Christina KKONA (Université Paris 7-Denis Diderot)

Le narrateur informé

Les romanciers prétendent souvent dans une introduction qu’en voyageant dans un pays ils ont rencontré quelqu’un qui leur a raconté la vie d’une personne. Ils laissent alors la parole à cet ami de rencontre, et le récit qu’il leur fait, c’est précisément leur roman. Ainsi la vie de Fabrice del Dongo fut racontée à Stendhal par un chanoine de Padoue. Combien nous voudrions quand nous aimons, c’est-à-dire quand l’existence d’une autre personne nous semble mystérieuse, trouver un tel narrateur informé! Et certes il existe (…) mais nous ne le rencontrons jamais (Albertine disparue, éd. cit., p. 132 ; c’est nous qui soulignons)

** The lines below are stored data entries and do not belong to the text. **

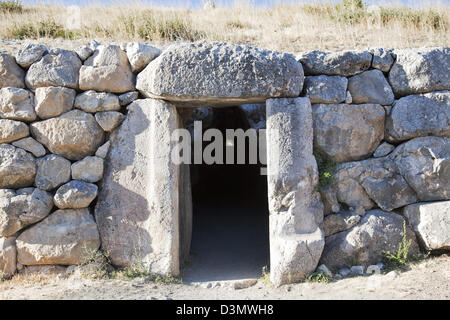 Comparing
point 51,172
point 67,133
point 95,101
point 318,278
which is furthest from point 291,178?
point 51,172

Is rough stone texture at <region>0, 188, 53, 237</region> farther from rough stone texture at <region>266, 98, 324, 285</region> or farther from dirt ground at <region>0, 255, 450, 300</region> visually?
rough stone texture at <region>266, 98, 324, 285</region>

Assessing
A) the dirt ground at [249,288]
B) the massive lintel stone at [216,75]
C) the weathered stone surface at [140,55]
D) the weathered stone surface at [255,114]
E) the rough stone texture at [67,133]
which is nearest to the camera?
the dirt ground at [249,288]

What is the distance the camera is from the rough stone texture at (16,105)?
13.4 feet

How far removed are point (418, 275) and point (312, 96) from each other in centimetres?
200

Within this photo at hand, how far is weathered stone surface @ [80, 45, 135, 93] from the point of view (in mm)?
4211

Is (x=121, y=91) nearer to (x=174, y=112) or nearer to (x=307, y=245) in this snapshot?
(x=174, y=112)

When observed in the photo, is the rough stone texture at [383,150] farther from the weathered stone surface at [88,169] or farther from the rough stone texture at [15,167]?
the rough stone texture at [15,167]

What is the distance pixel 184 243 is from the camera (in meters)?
4.93

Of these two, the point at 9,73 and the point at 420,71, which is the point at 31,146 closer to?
the point at 9,73

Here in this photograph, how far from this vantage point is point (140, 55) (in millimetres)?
4223

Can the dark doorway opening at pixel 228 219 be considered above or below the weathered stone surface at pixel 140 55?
below

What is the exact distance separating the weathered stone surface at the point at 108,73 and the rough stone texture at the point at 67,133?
0.33 metres

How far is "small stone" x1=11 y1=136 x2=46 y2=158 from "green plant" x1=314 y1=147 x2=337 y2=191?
283 cm

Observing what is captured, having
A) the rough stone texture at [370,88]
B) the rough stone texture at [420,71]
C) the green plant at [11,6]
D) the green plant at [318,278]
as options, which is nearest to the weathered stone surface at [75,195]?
the green plant at [318,278] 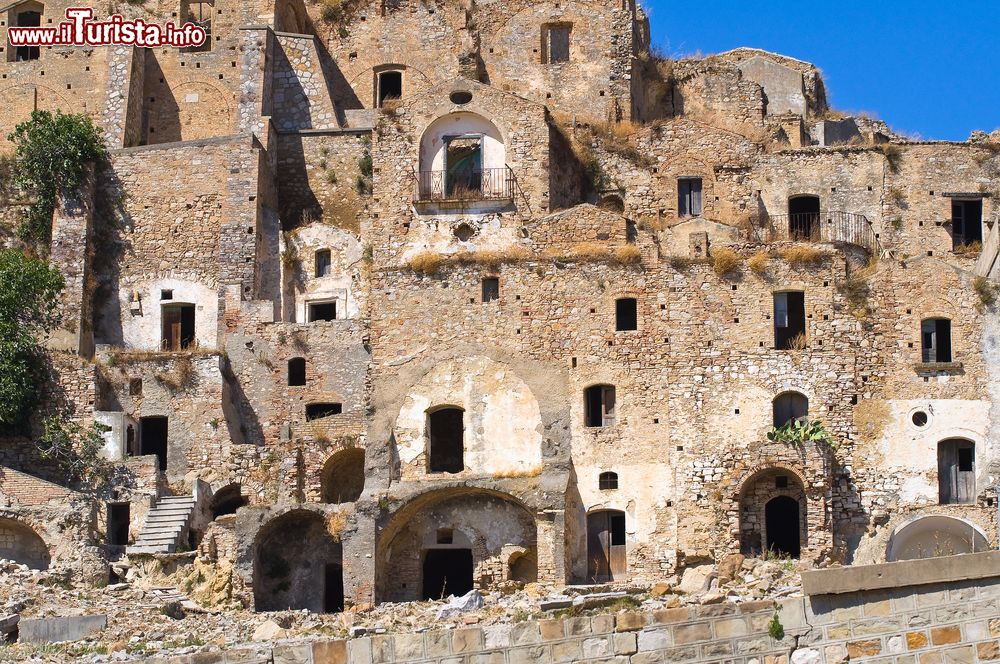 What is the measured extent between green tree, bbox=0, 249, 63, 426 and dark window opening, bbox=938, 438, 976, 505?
79.6 feet

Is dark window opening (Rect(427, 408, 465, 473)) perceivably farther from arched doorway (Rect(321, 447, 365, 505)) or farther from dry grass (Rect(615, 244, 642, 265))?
dry grass (Rect(615, 244, 642, 265))

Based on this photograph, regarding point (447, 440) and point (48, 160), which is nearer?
point (447, 440)

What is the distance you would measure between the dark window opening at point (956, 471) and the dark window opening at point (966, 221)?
25.4 ft

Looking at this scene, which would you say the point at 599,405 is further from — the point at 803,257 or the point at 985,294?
the point at 985,294

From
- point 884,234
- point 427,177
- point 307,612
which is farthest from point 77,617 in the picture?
point 884,234

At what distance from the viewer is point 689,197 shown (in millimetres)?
52312

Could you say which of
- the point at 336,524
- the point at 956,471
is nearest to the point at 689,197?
the point at 956,471

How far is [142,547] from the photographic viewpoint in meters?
44.6

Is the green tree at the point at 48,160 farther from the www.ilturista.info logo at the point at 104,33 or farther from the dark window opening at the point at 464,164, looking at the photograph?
the dark window opening at the point at 464,164

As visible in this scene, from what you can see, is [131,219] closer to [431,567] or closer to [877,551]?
[431,567]

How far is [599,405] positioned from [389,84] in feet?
58.5

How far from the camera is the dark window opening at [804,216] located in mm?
49938

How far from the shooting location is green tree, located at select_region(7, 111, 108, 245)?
2094 inches

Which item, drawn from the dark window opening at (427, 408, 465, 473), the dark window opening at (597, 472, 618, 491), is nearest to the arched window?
the dark window opening at (597, 472, 618, 491)
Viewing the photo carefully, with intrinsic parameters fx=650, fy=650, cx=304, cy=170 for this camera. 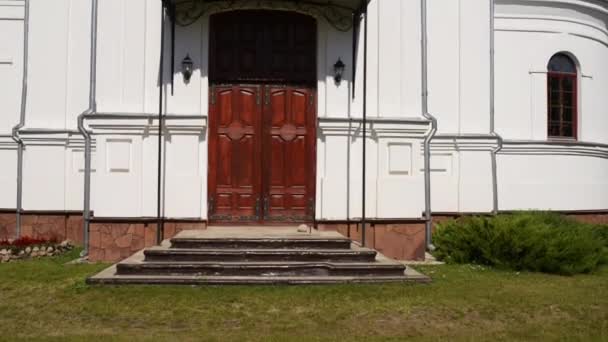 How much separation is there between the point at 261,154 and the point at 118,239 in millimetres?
2506

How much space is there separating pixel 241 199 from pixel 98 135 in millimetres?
2357

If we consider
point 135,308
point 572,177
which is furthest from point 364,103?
point 572,177

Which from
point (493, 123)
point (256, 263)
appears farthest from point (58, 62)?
point (493, 123)

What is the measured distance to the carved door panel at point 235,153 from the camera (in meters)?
10.2

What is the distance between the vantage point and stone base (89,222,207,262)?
31.6 feet

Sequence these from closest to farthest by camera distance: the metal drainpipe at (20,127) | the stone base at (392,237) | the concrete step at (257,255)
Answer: the concrete step at (257,255)
the stone base at (392,237)
the metal drainpipe at (20,127)

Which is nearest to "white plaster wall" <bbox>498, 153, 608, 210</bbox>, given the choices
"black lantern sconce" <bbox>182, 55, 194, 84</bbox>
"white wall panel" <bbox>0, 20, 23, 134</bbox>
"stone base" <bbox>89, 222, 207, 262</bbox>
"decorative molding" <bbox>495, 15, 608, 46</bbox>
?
"decorative molding" <bbox>495, 15, 608, 46</bbox>

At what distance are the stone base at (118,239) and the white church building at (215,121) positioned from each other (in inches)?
0.8

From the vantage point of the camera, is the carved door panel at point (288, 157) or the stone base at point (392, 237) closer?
the stone base at point (392, 237)

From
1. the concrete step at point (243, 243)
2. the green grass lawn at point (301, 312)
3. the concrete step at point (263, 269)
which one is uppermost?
the concrete step at point (243, 243)

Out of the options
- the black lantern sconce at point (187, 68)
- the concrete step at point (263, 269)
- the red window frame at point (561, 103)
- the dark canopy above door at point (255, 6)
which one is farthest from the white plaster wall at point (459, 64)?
the concrete step at point (263, 269)

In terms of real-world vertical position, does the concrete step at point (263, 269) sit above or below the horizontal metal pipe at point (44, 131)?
below

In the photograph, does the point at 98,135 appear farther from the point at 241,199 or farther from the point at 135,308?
the point at 135,308

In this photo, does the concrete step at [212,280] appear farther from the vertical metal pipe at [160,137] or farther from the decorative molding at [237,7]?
the decorative molding at [237,7] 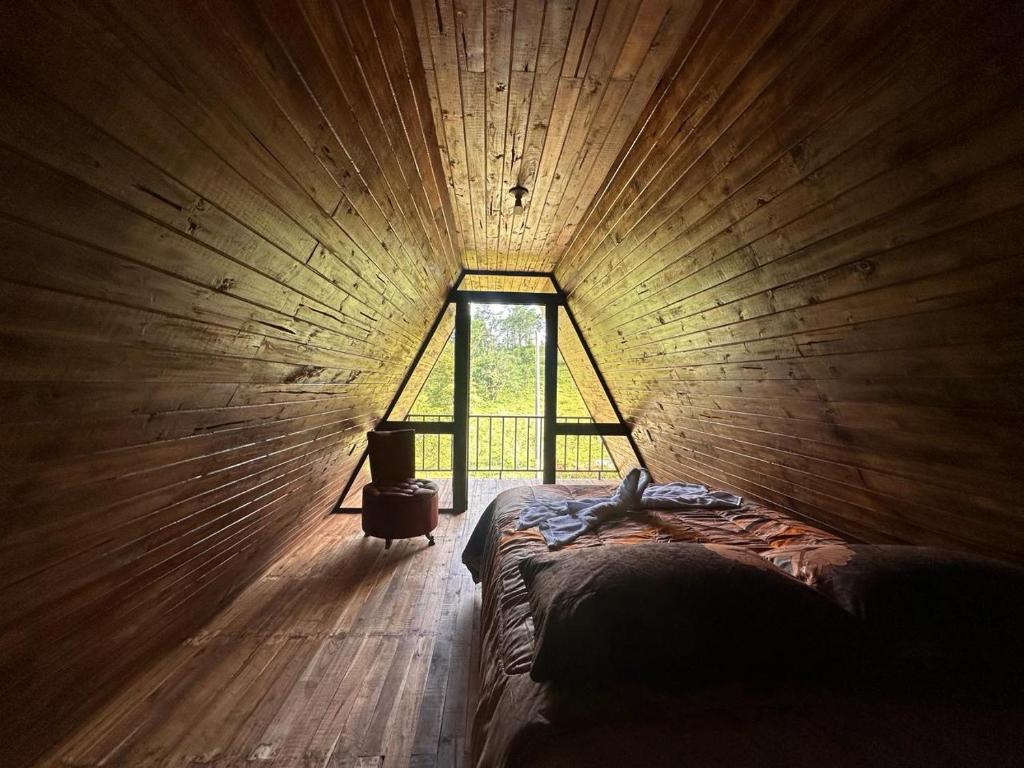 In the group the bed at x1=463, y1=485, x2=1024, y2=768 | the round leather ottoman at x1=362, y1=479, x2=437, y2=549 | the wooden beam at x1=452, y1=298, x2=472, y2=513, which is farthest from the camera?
the wooden beam at x1=452, y1=298, x2=472, y2=513

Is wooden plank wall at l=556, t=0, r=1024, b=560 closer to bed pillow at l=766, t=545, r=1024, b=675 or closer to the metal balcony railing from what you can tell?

Proust se réfère ici à l’avertissement de La Chartreuse de Parme et en falsifie trois points : d’abord, c’est le neveu du chanoine qui raconte l’histoire au narrateur et non le chanoine lui-même, décédé avant le voyage de ce dernier à Padoue ; ensuite, ce n’est pas l’histoire de Fabrice del Dongo mais celle de la duchesse Sanseverina qui est ici en cause. Par ailleurs, le narrateur stendhalien dit avoir informé son ami, le neveu du chanoine, de son intention de transcrire l’histoire qui lui était racontée en en « faisant » une « nouvelle ». Or le narrateur stendhalien n’est pas l’ami qui raconte l’histoire à celui qui croit nécessaire d’adresser au lecteur un avertissement, comme le veut le narrateur proustien. En revanche, il est celui qui fait de ce récit une nouvelle et qui, au nom de l’auteur, communique au lecteur cette idée : « toutes les fois qu’on avance de deux cents lieues du midi au nord, il y a lieu à un nouveau paysage comme à un nouveau roman »1. Autrement dit, le narrateur stendhalien avoue que l’histoire mystérieuse de la duchesse Sanseverina n’a fait que donner lieu au roman que nous sommes en train de commencer.

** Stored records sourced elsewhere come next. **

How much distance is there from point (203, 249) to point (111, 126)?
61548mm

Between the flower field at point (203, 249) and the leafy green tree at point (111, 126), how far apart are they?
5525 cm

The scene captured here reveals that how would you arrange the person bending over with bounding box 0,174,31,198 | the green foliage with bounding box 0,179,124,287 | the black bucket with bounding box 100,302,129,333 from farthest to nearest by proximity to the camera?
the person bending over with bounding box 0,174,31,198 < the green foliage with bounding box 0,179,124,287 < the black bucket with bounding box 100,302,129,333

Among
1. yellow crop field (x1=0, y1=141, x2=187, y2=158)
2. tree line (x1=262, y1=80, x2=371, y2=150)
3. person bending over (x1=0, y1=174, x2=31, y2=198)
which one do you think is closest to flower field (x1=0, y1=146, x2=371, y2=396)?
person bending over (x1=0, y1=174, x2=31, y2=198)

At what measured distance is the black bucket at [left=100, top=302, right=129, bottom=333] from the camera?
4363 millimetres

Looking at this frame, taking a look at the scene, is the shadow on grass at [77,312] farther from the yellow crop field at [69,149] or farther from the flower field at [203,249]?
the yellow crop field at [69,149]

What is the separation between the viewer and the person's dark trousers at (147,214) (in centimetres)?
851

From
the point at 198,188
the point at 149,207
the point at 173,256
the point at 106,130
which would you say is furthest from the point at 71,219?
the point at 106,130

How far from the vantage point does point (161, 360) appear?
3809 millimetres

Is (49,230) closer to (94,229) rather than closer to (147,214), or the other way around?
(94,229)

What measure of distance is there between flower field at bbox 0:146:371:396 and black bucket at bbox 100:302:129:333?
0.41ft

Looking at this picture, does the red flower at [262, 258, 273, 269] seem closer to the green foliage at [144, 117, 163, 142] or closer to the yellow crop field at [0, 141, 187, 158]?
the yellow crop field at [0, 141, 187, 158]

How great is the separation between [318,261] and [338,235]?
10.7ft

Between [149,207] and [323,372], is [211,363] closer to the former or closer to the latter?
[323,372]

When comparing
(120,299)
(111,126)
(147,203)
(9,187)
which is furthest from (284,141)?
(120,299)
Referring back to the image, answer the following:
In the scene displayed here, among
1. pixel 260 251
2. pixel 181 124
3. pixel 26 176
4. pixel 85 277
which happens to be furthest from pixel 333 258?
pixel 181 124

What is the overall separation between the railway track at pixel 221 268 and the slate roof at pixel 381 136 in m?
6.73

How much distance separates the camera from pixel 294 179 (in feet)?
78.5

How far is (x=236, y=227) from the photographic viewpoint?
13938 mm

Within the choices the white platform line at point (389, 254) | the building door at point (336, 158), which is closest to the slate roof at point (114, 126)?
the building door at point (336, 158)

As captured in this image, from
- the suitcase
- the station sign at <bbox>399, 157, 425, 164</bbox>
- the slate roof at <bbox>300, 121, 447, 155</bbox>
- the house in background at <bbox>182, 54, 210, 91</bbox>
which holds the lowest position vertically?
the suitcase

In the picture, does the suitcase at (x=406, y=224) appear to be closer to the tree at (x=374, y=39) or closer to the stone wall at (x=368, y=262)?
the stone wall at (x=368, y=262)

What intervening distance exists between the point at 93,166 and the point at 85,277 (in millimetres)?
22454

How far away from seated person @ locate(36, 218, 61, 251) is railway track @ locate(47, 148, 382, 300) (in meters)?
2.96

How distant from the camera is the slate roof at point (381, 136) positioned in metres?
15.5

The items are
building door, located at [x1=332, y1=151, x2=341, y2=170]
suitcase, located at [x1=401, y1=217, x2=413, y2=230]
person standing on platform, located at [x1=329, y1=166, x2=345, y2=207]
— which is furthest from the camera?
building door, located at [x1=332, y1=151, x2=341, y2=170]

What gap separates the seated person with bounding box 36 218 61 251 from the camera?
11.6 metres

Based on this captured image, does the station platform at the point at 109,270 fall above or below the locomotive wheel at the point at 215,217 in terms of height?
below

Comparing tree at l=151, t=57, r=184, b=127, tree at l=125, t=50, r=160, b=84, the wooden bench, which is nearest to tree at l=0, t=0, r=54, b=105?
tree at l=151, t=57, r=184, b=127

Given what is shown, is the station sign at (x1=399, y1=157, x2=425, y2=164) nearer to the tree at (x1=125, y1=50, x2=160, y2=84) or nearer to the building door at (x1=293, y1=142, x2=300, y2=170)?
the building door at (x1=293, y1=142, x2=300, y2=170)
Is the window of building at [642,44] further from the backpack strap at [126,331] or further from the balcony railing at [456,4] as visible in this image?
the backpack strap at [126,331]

Il se peut que Proust, grand admirateur de Stendhal, cite de mémoire et se trompe. Mais, il se peut aussi qu’ici comme ailleurs, se mette en place ce qu’on pourrait appeler une stratégie de la fausse référence qui retranche et falsifie les intertextes en les soumettant ainsi aux desseins de la Recherche. Quoiqu’il en soit, le chanoine de Padoue qui, selon le narrateur proustien, raconte à Stendhal la vie de Fabrice del Dongo est un « narrateur informé », comme le fut le héros lui-même quand il racontait à Bloch la vie, par exemple, de Mme Swann. Le narrateur informé n’est pas omniscient comme le narrateur stendhalien, ou comme l’est d’une certain manière le narrateur proustien d’Un amour de Swann : il se situe plutôt à l’opposé du narrateur d’Albertine disparue, place qui lui assigne le rôle d’un narrateur-témoin ou d’un narrateur-confesseur qui raconterait une histoire d’amour non plus du point de vue de l’être désirant, de la duchesse Sanseverina, de Swann ou de Marcel, mais du point de vue de l’être désiré, de Fabrice del Dongo, d’Odette, ou d’Albertine. Et comme le chanoine est déjà mort avant le commencement de l’histoire, un tel narrateur a existé ou peut-être existe encore, « mais nous ne le rencontrons jamais ». Voilà pourquoi ni Marcel ni le lecteur n’apprennent jamais l’histoire de La Fugitive ou d’Albertine disparue. Et s’il y a quelque chose qui fait d’Albertine une gomorrhéenne, c’est que son histoire comme celle de Gomorrhe est « une histoire non-racontée »2.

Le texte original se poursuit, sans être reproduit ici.